Cinco semanas más tarde, en una silla de ruedas, con los huesos todavía bailándole, Stephen King se sentó de nuevo a escribir. Por eso me cuesta creer que se jubile a los cincuenta y cinco, cuando todavía puede tener lo mejor por delante. Asegura que escribirá los cinco libros que tiene comprometidos y que enmudecerá para siempre.

Llevo tantos años leyendo sus novelas que nunca me había parado a pensar que llegaría el día de su jubilación o que, simplemente, sus obras dejarían de inundar los escaparates de las librerías. Me gusta el autor de Misery: ya va siendo hora de decirlo sin complejos. Cuando las novelas de un escritor alcanzan ventas estratosféricas, ciertos lectores —y escritores— empiezan a mirarlas por encima del hombro, menospreciándolas, cuando en realidad muchas veces es su propia miopía la que les impide reconocer que, detrás de las ventas millonarias y de las estrategias de márketing, existe, cuando menos, talento.

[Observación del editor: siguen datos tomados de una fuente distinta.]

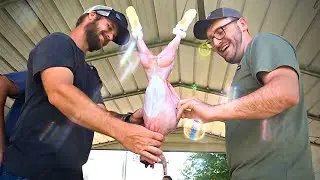 Rabbit Processing Day on the Farm with 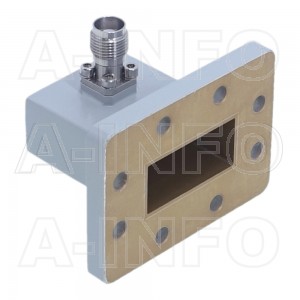 137WCAT Right Angle Rectangular Waveguide to Coaxial Adapter 5.85-8.2GHz WR137 to TNC Female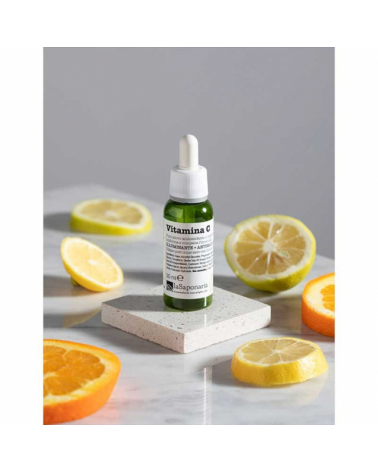 Vitamina C activa pura cosmetico 30ml La Saponaria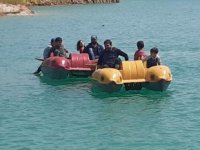 Samsatlı çocuklar, ilk kez deniz bisikletine bindi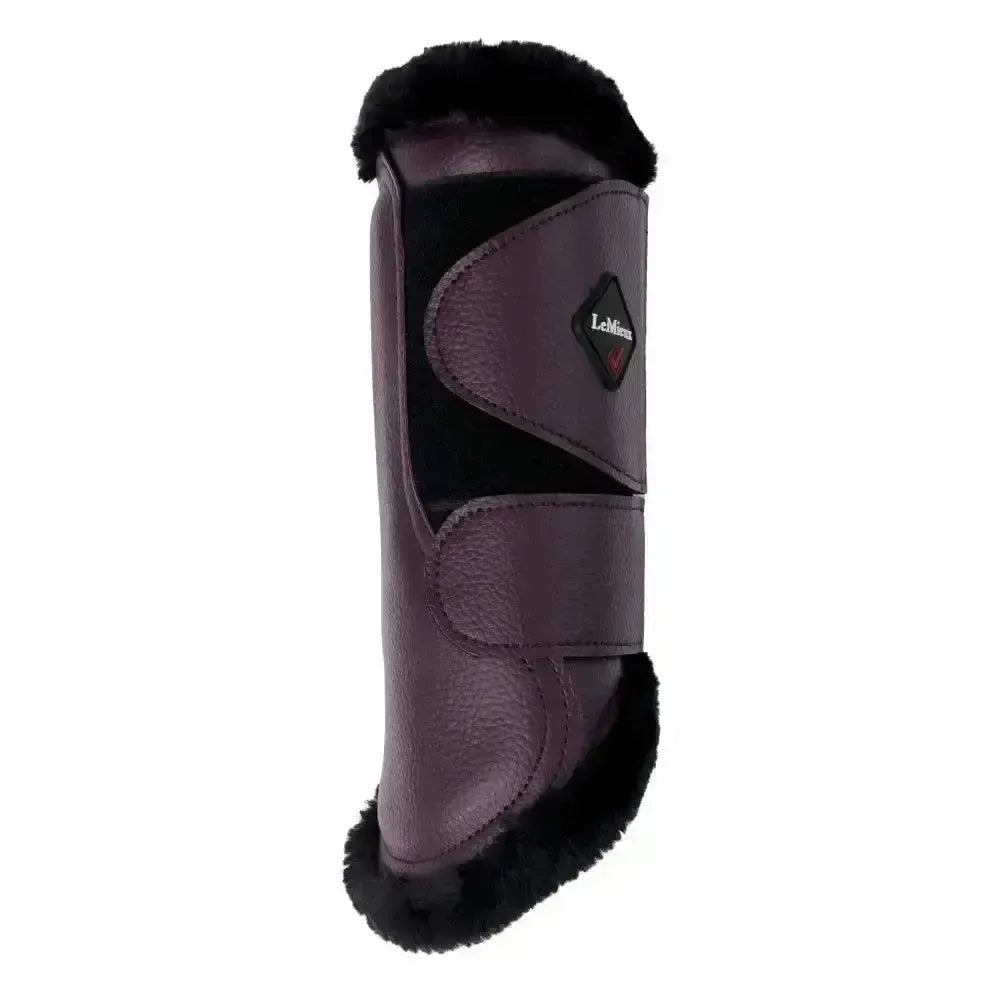 Lemieux Fleece Lined Brushing Boots Fig-Brushing Boots-Lemieux-X Large-Horsey Shopping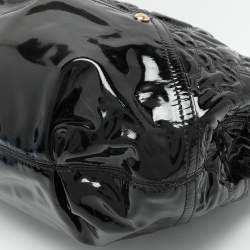 Versace Black Patent Leather Satchel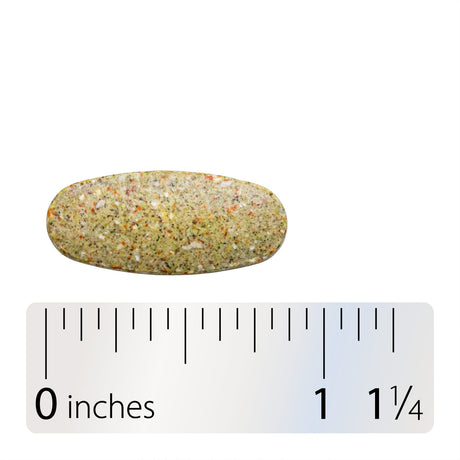 <{%360IMAGE4_15973%}>Nature's Way® | Alive! Men's 50+ Ultra Minis Multivitamin - Tablet and ruler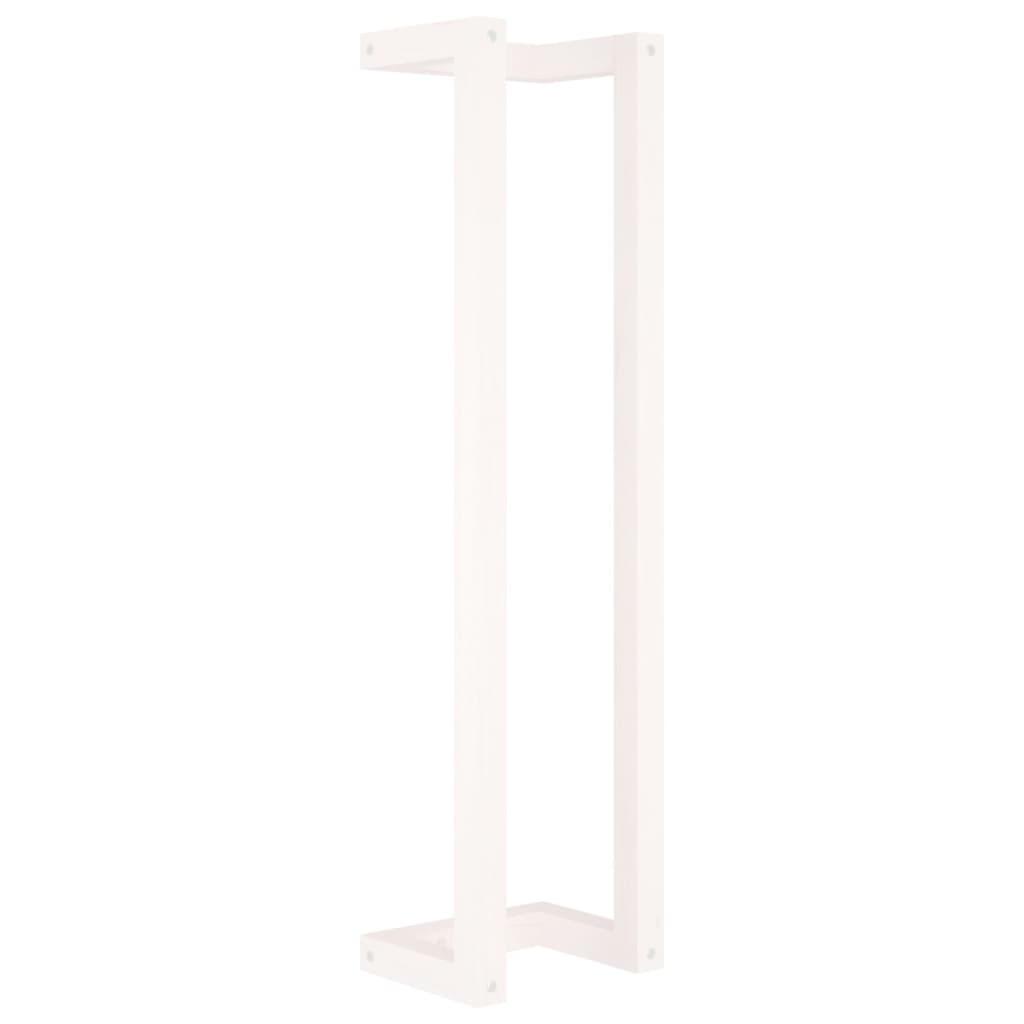 Vidaxl håndklæde rack 23x18x90 cm fast fyrretræ hvid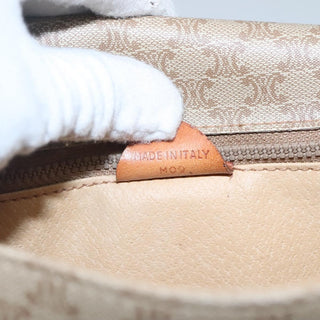 Celine Vintage Macadam Shoulder Bag Canvas and Leather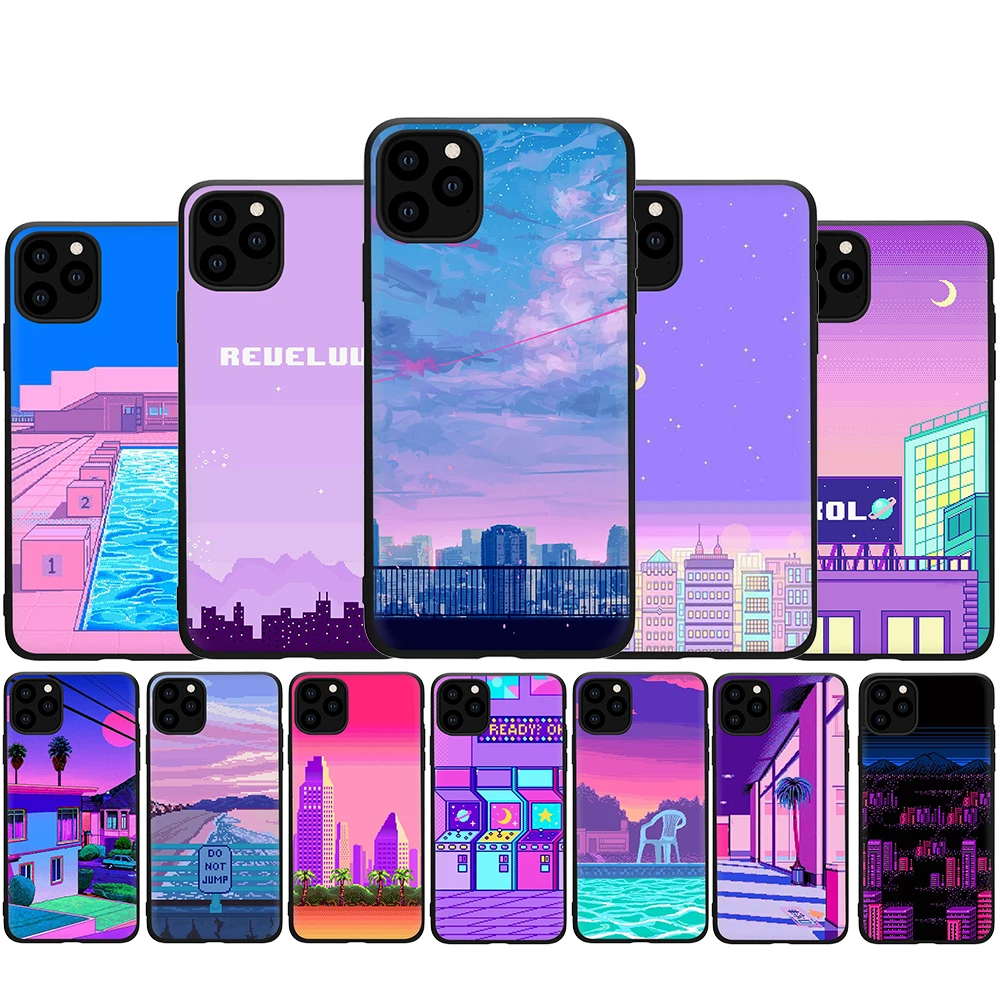 EWAU ART PIXEL эстетический Инди GEEK силиконовый чехол для телефона iPhone 5 5S SE 6 6s 7 8 Plus X XR XS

Recuerdo que una vez, en una entrevista, me preguntaron cuáles eran mis autores favoritos. Cité a dos o tres españoles cuya prosa y universo literario se encuentran en las antípodas del autor de Rita Hayworth y la redención de Shawshank (Cadena perpetua, de Frank Darabont, siete nominaciones a los Oscar en 1993, con Morgan Freeman y Tim Robbins, para quienes hayan visto la película) pero, maticé, también, por ejemplo, me gusta Stephen King.

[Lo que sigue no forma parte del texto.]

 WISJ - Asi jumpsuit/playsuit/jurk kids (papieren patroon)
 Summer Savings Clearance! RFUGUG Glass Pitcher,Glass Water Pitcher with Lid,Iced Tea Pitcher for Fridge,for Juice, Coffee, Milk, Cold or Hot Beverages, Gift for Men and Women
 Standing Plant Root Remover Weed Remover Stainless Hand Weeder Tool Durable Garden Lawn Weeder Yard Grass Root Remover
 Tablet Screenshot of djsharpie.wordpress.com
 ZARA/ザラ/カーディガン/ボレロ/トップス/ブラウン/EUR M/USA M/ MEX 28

¿Stephen King? Pues sí, ¿y por qué no?. Desde luego, no me gustan todas sus novelas (pero tampoco me gustan todas las novelas de ningún escritor, ni siquiera las de aquellos a quienes venero) y, en la mayoría de sus libros, sobra, en mi humilde opinión, por lo menos un tercio. Aparte de que no soy un lector al que le apasione la sangre, el terror o los fenómenos paranormales truculentos. Y es que lo mejor de Stephen King son sus personajes, de carne y hueso, como todos nosotros, con nuestras miserias y nuestras grandezas. Crear un ser inolvidable, como la enfermera sicópata Annie Wilkes de Misery, o el preso Andy Dufresne de Rita Hayworth y la redención de Shawshank, aunque les pese a algunos, requiere un talento y un trabajo enorme. Y eso merece un respeto.

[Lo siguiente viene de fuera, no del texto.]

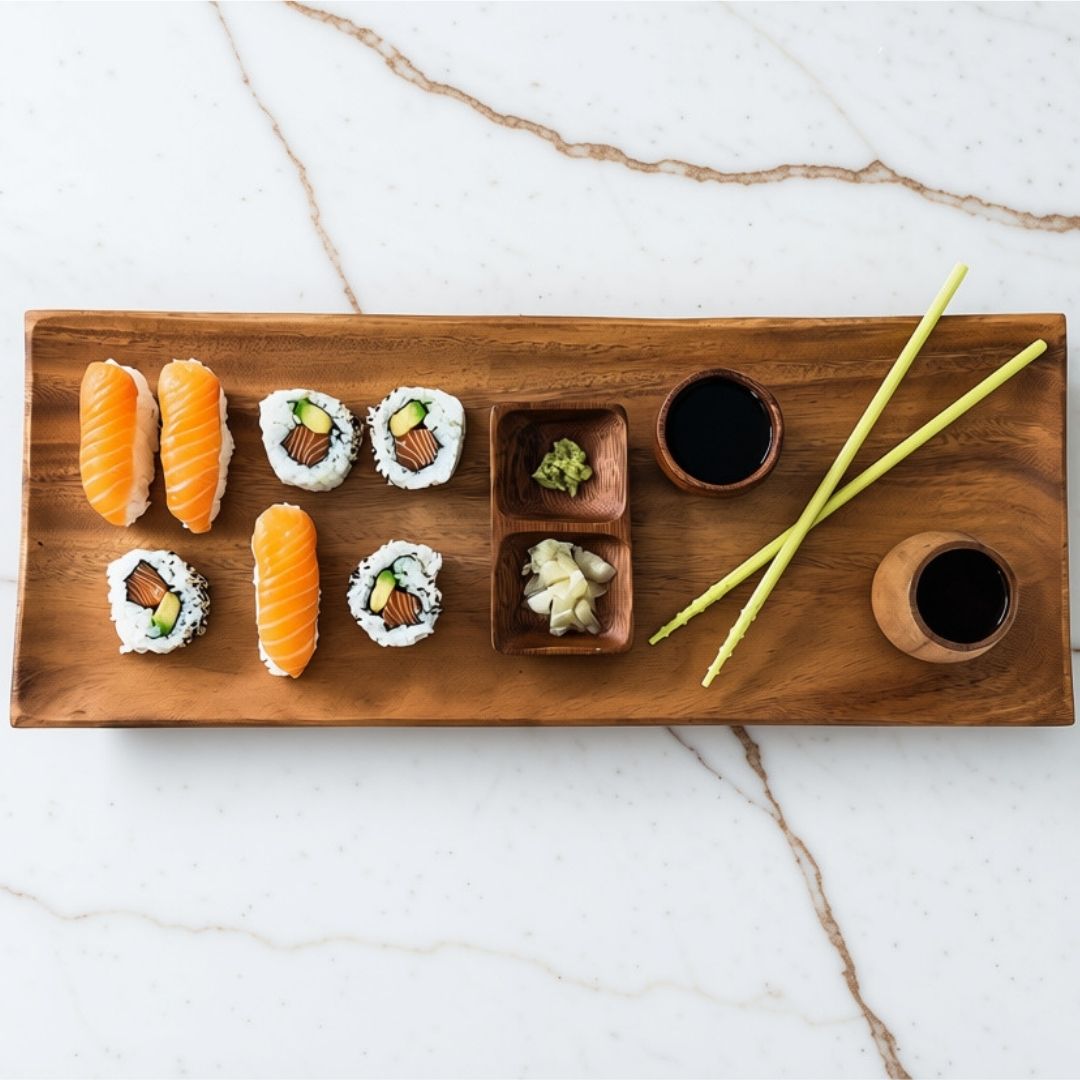 Acacia Long Rectangle Tray/Plate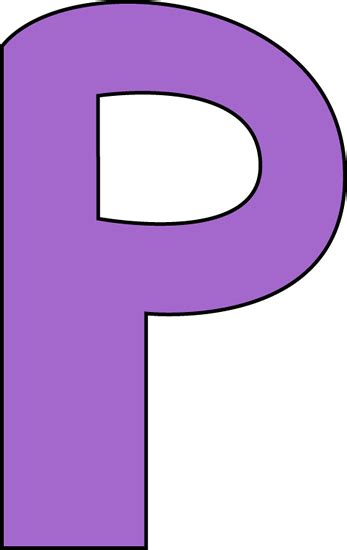 Pic Of Letter P Clipart Best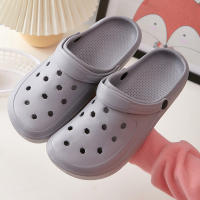 Sandalias De Verano Para Mujer Estilo Coreano Color Sólido Diseño Sencillo Antideslizantes Con Tacón Plano Y Suela Gruesa Transpirables Abiertas Al Tobillo - details 8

Espero que la decisión de callar para siempre no sea más que una pataleta. Lo espero y lo deseo, porque, los escritores, igual que los toreros, siguen siéndolo aunque se jubilen. Pero, mejor, prestemos atención a las palabras del maestro: “Escribir no es cuestión de ganar dinero, hacerse famoso, ligar mucho ni hacer amistades. En último término, se trata de enriquecer la vida de las personas que leen lo que haces, y al mismo tiempo enriquecer la tuya. Es levantarse, recuperarse y superar lo malo. Ser feliz, vaya. Ser feliz”.